NASA’s aging communications technology is getting a timely boost as a project to bring their current systems out of the ‘90s (yes, the ‘90s) begins to kick into gear. It may take eight years to accomplish but it’s severely needed as news reports indicate that, on the International Space Station for example, they currently have to make do with a “connection comparable to dial-up that’s only a week old, while the Lunar Reconnaissance Orbiter is gobbling up over 450 gigabytes of data a day”.
Reports, Dvice.com, “A new plan by NASA will see the agency consolidating its Space Network (SN), Near-Earth Network (NEN) and Deep Space Network (DSN) into one unified system as the agency goes about replacing aging communications technology”.
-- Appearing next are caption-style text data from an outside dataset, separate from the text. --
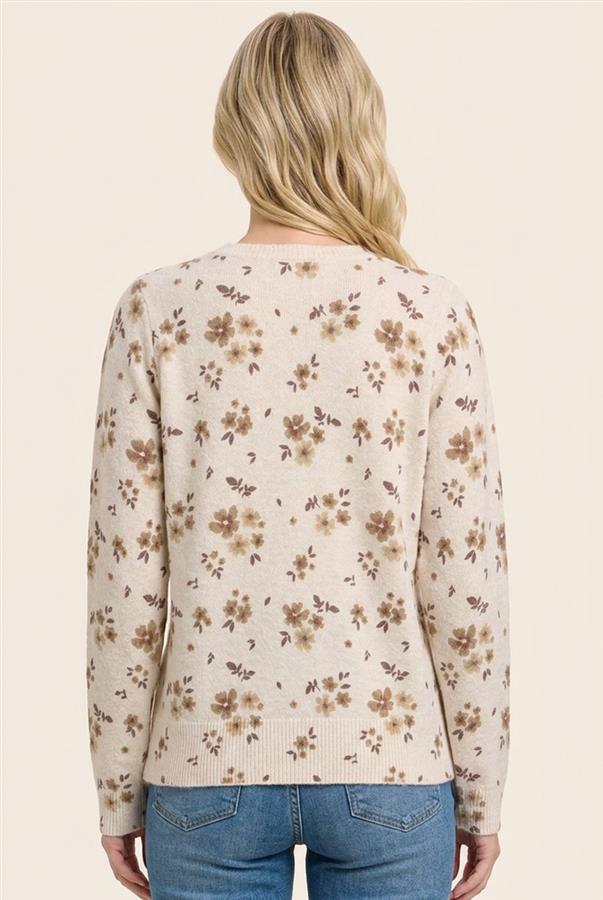 A woman viewed from the back wearing a cream-colored knit sweater with a brown and beige floral pattern, paired with blue jeans, against a solid light beige background.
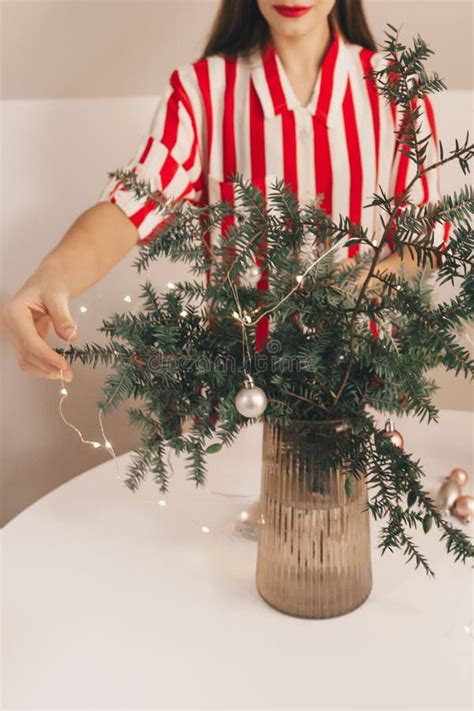 A Beautiful Girl Decorates Coniferous Branches With A New Year S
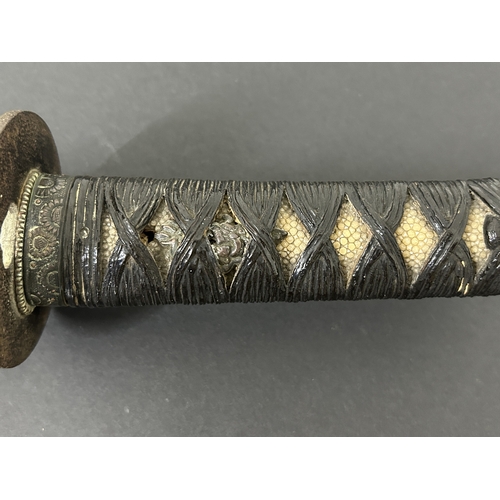 208 - An antique Japanese Wakizashi in non-matching leather covered wooden scabbard, polished blade, a Tsu... 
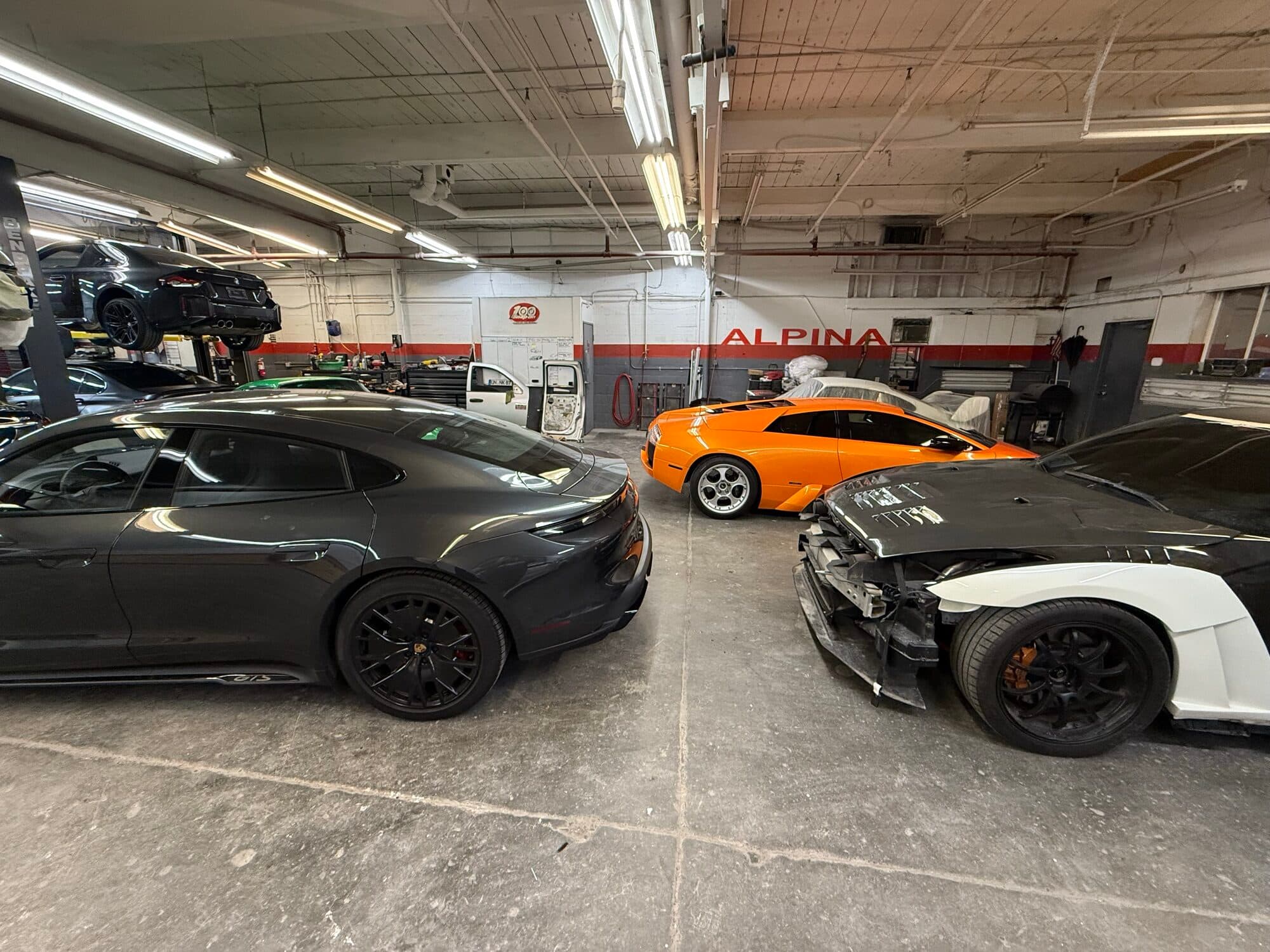 Aston Martin Vantage, orange Lamborghini, and a collision-damaged white Lamborghini on the floor at Alpina Auto Body, exotic collision repair in Southeast Portland, Oregon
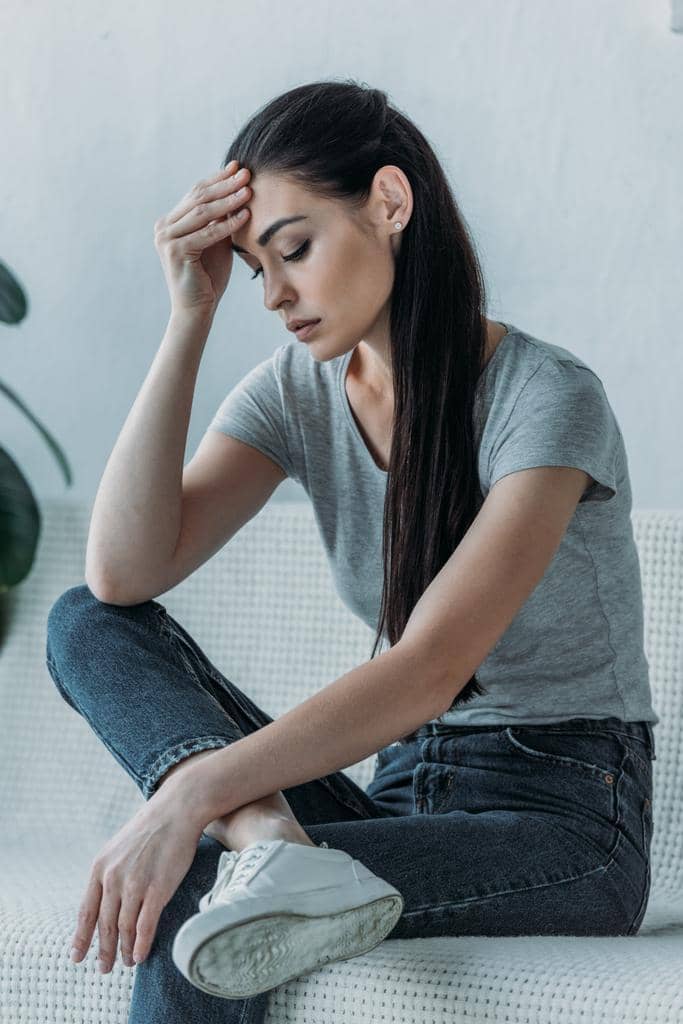 The 7 Mental Struggles of a Dry Marriage 2 upset young woman hand forehead sitting couch looking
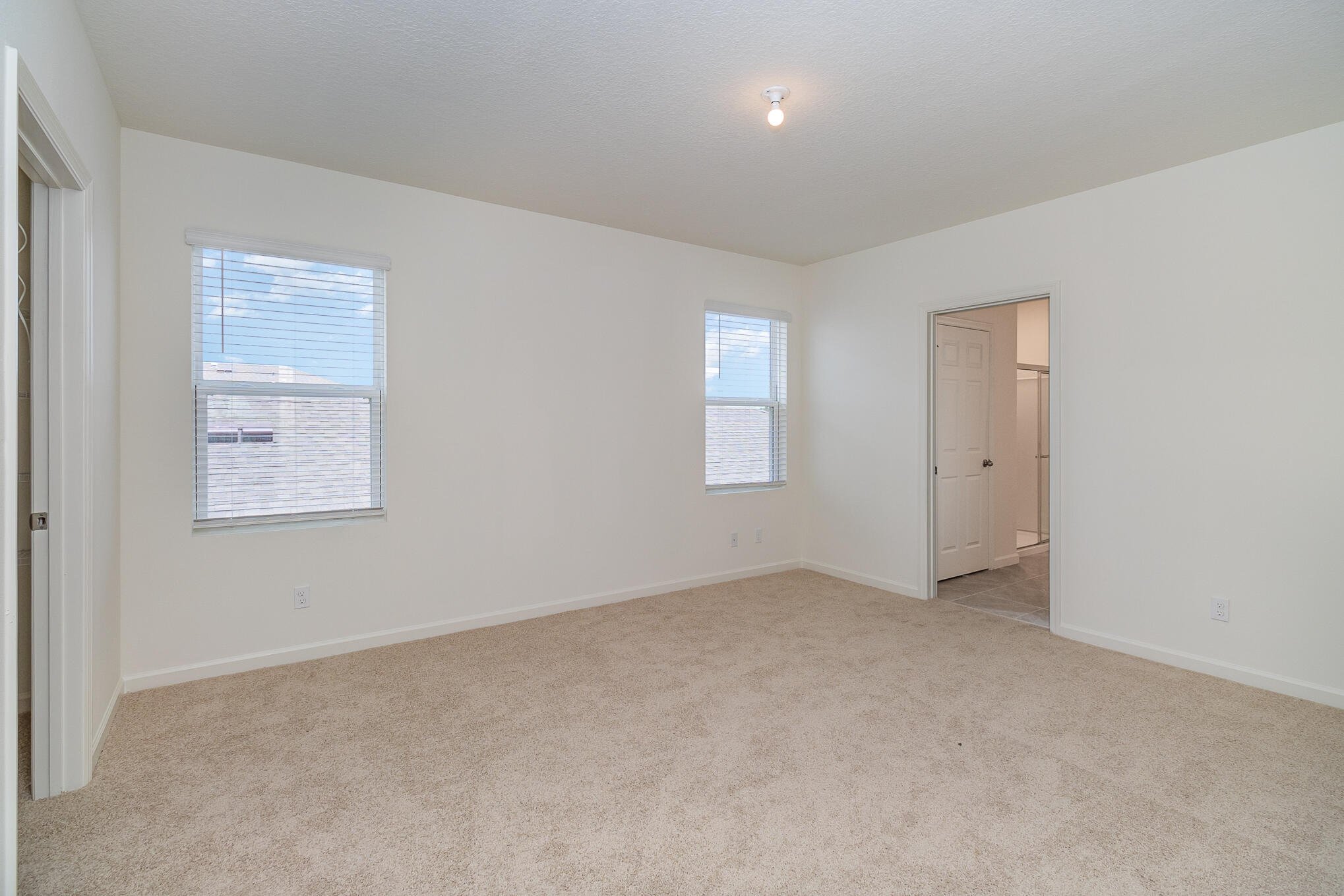 569 Seaspray Drive Fort Pierce, FL 34945 - Photo 11 of 28 an empty room with windows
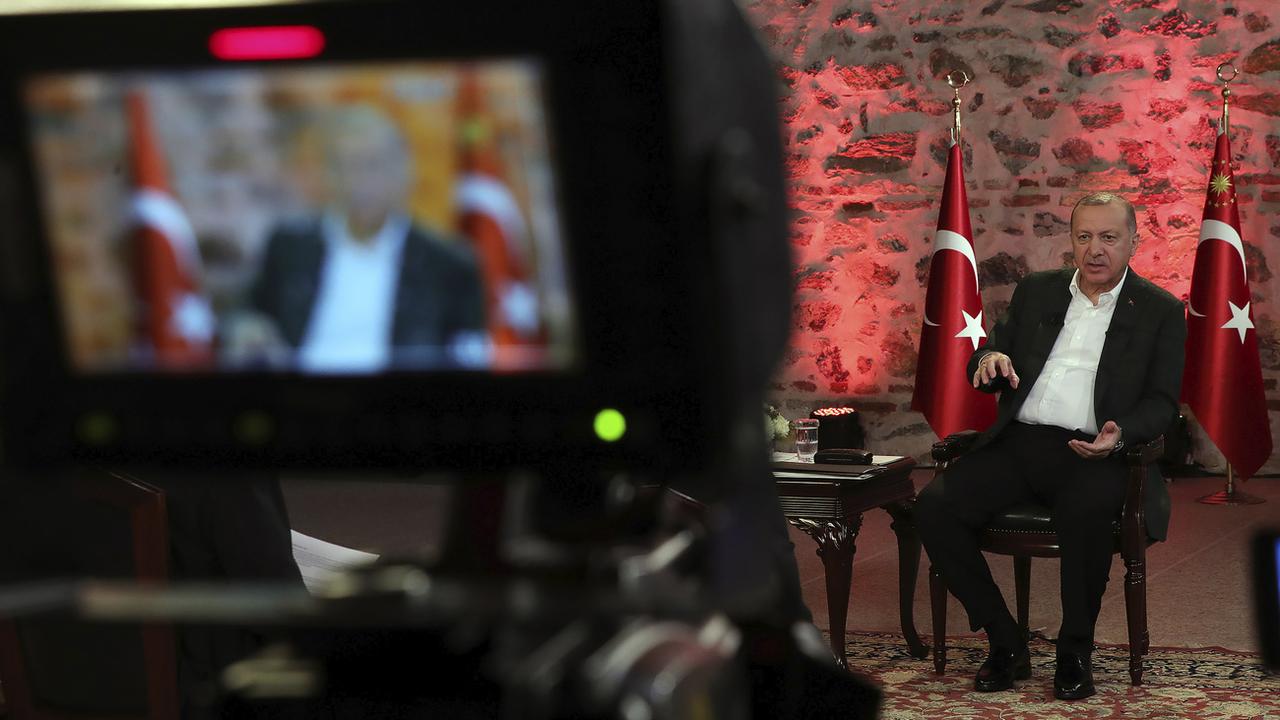Recep Tayyip Erdogan a annoncé le début du déploiement de soldats turcs en Libye. [Keystone/AP - Presidential Press Service]
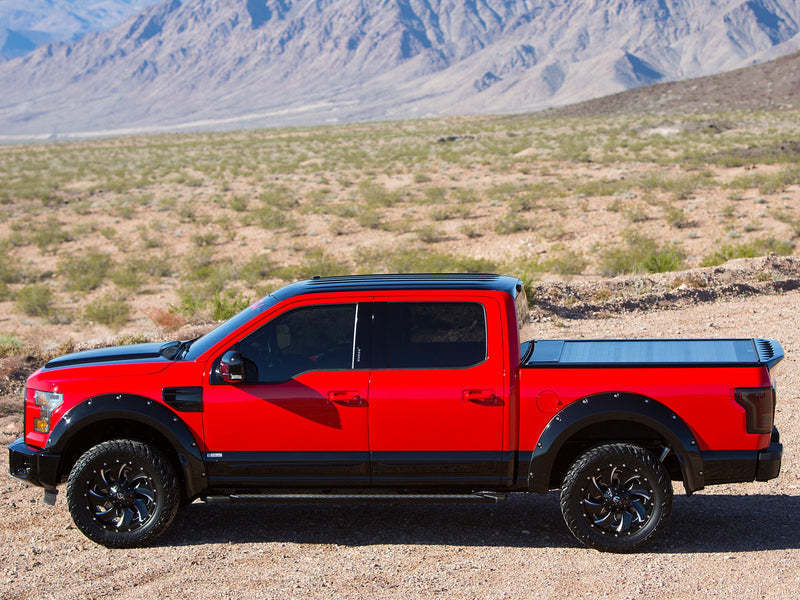 Pace Edwards BedLocker: side profile of a red pickup with a black retractable cover closed, desert mountains behind
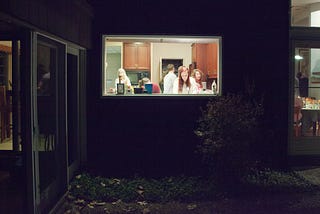 Family group washing dishes in the kitchen after a Thanksgiving meal, shot from outdoors through a picture window at night.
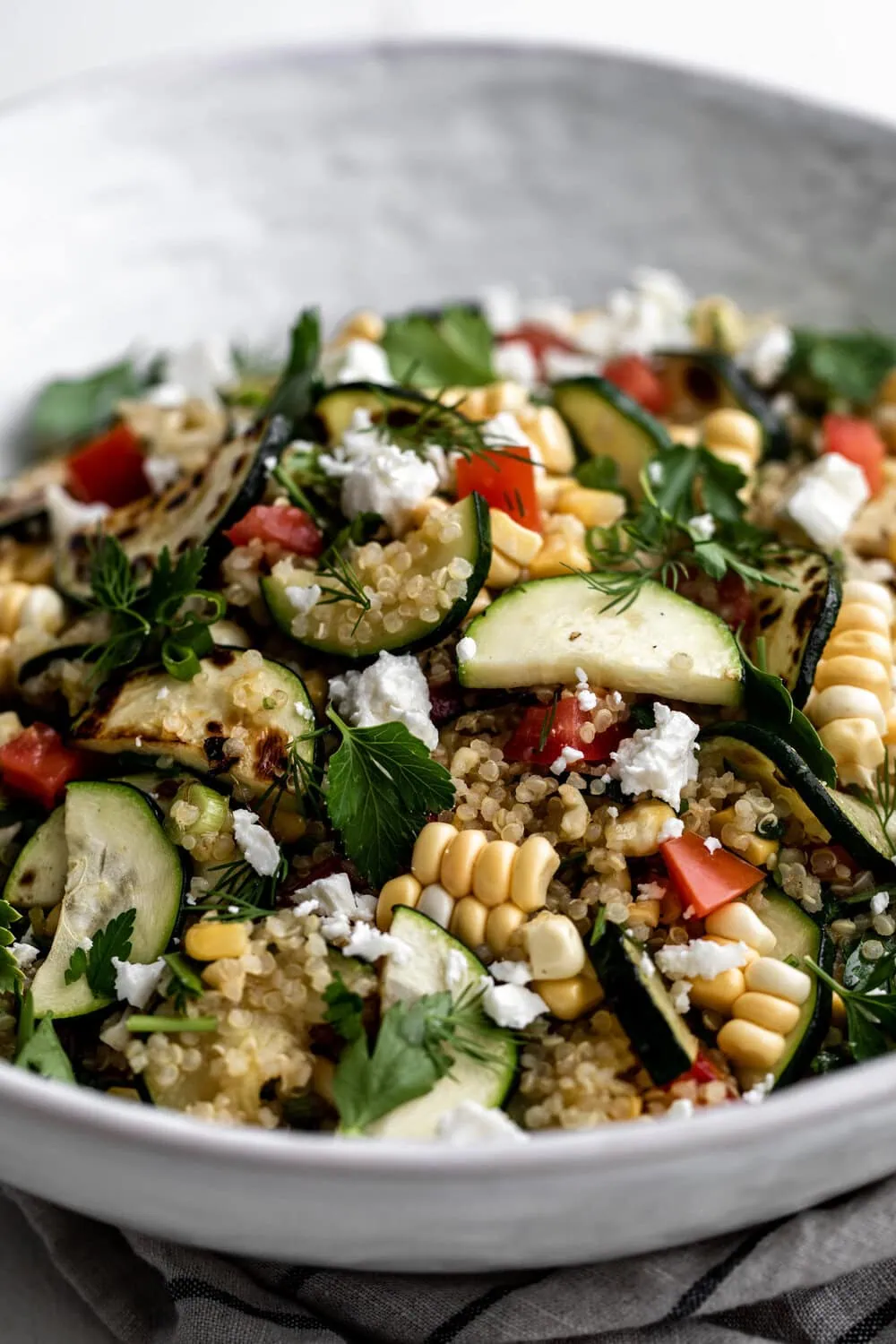Vegetable Quinoa Salad with Honey Lemon Vinaigrette in white bowl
As it stands right now, NASA doesn’t have a unified communication infrastructure tying all of its orbital and deep space missions together which, if we were stuck out in deep space where no one can hear you scream, would concern us greatly. This is due to the fact that each mission the agency plans is put together from the ground up, so communication equipment varies wildly.
Dvice makes the point that besides improving communication and streamlining planning, better technology in place means a higher yield of scientific data gathered per mission. “Imagine what you can accomplish with a single mission instead of several spacecraft flying over several years to collect the data,” Badri Younes told Space.com.
He’s NASA’s deputy associate administrator for Space Communications and Navigation, and it’s his job to overhaul the aging communication systems. He went on to say just about the most American thing we’ve heard all day: “It’s like driving a 1960s Chevy that’s beat up and losing paint while going at 90 mph and being pushed to convert that into a Lamborghini while driving 90 mph without losing a beat.”
The project is due in 2018 so Younes has a while to get things up to ‘Lamborghini’ standards.